The professor took inspiration from W.E.B. DuBois’ “The Souls of Black Folk” along with everything from Cherokee religious ritual to gospel music, high literature and art. “We know our writers and literary critics talk about a Southern literary renaissance, but I wanted to bring music and art into the mix,” Wilson said. “I looked at what was happening at the same time that our great writers were writing, and we also had our great musicians, so we had Faulkner in Mississippi, but also Robert Johnson and Muddy Waters.”
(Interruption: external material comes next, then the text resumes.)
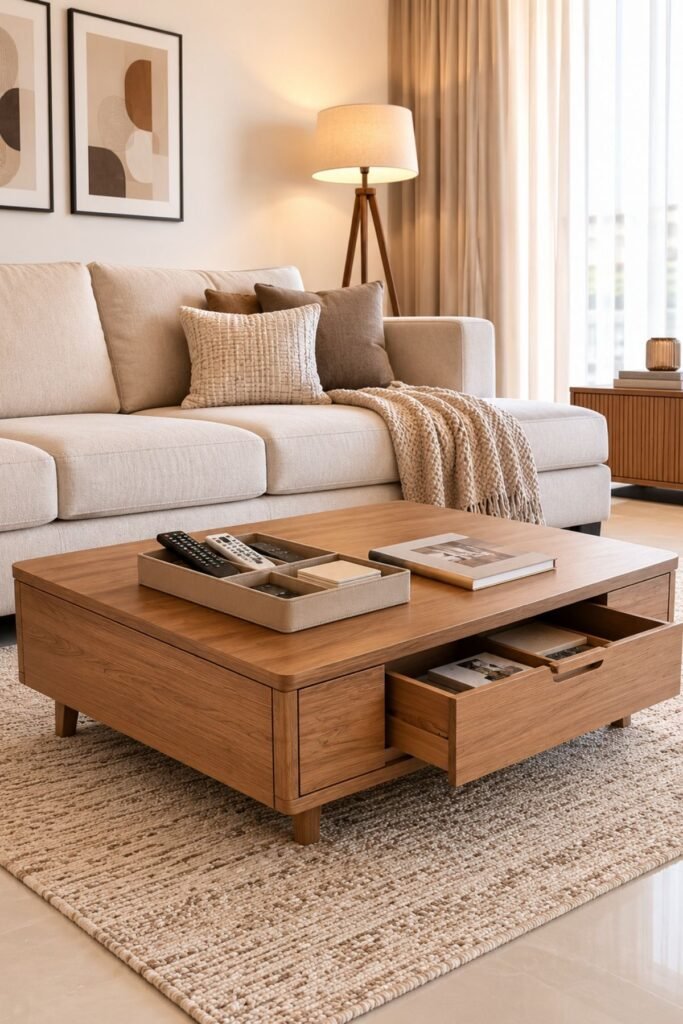 Living room organization ideas with organized coffee table tray, books, and hidden storage drawer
Joe Creech, author of “Righteous Indignation: Religion and the Populist Revolution,” says Wilson’s scholarship and essays are of immense value to scholars and students of the American South and American religion. “Along with Wilson’s direct contributions to our understanding of southern religion and culture, his work on historical methodology and interpretation has been vital, as seen in his book ‘Baptized in Blood,’ a canonical work in southern religion,” Creech said.
Wilson, who is also general editor of “The New Encyclopedia of Southern Culture,” sees ideas of the spirit as central to understanding Southern identity. “The South nurtured a patriotic spirit expressed in the high emotions of Confederates going off to war, but the region also was the setting for a spiritual outpouring of prayer and song during the civil rights movement,” he said.
He argues for a spiritual grounding to southern identity, showing how identifications of the spirit are crucial to understanding what makes southerners invest so much meaning in their regional identity.